DATA SEGMENT:
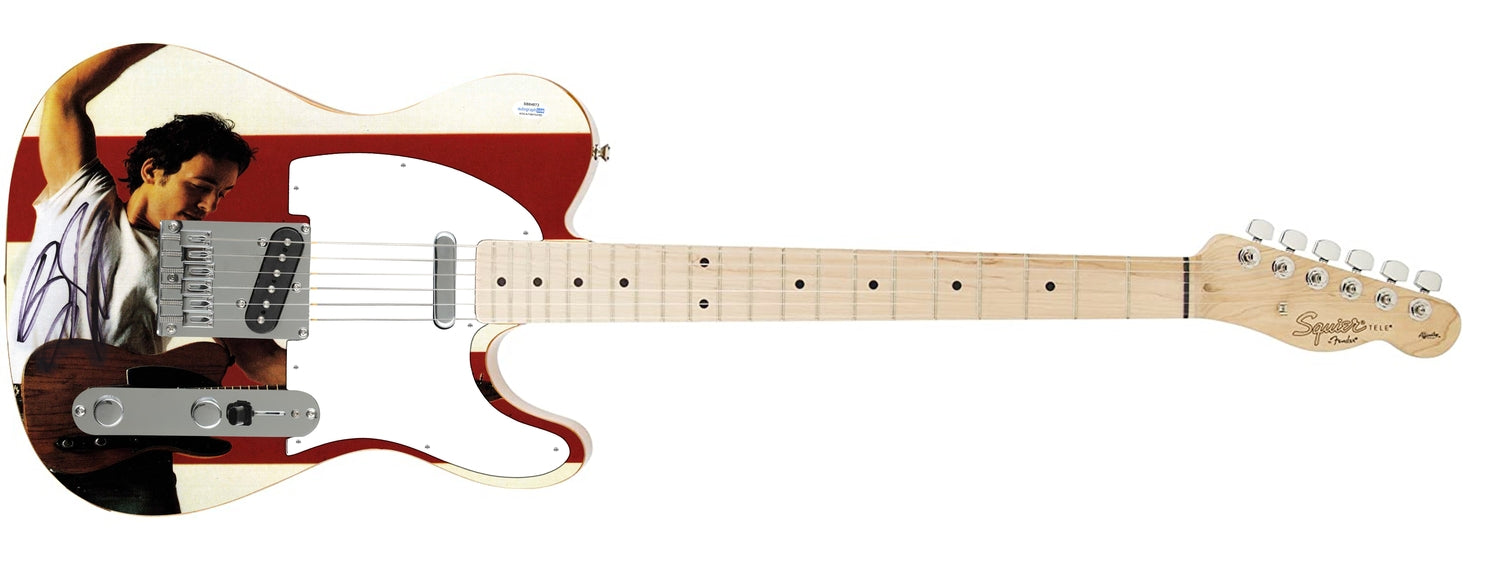 Bruce Springsteen Signed Fender Born In The USA Custom Graphics Photo Guitar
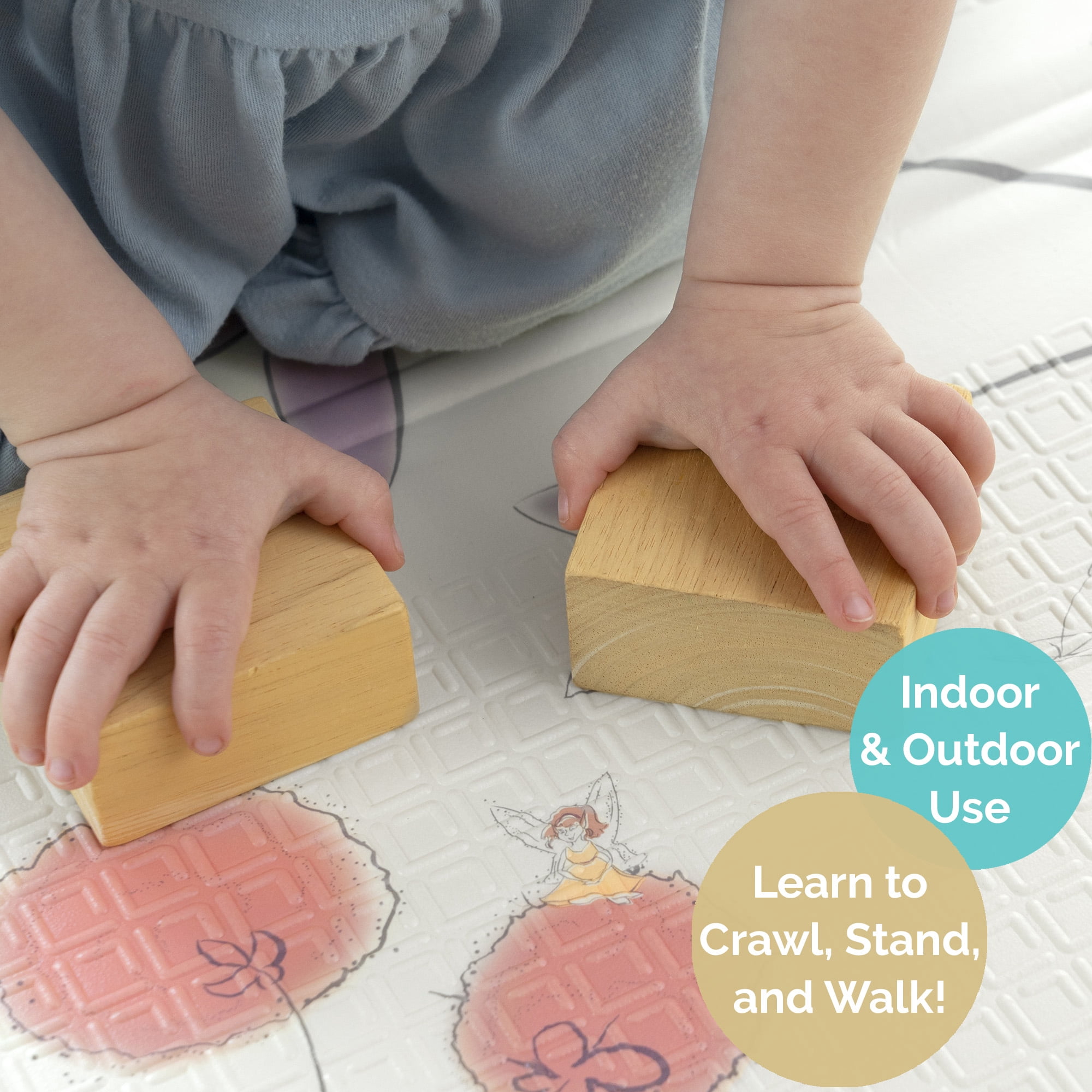 JumpOff Jo Large Foldable Kids Foam Play Mat, Padded Baby Floor Mat, 70 x 59 in - Fairy Unicorn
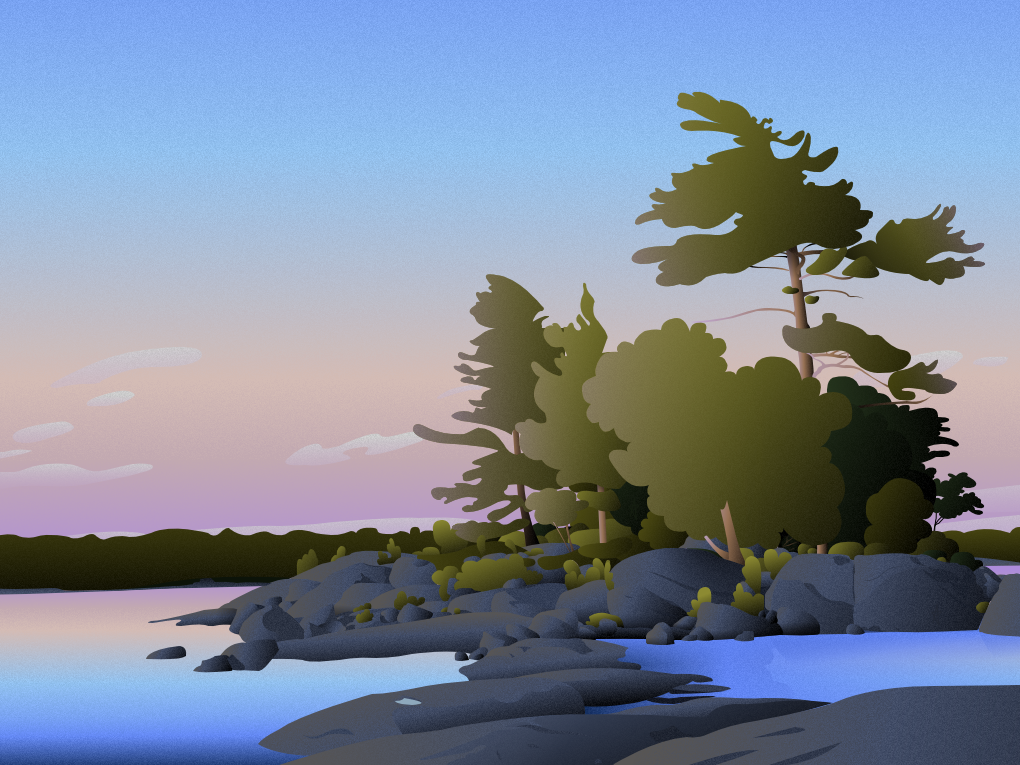 illustration of trees on an island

AIM OF THE EXERCISE:
Return the listing above in an exact copy that leaves out the images.

FINAL ANSWER:
 Bruce Springsteen Signed Fender Born In The USA Custom Graphics Photo Guitar
 JumpOff Jo Large Foldable Kids Foam Play Mat, Padded Baby Floor Mat, 70 x 59 in - Fairy Unicorn
 illustration of trees on an island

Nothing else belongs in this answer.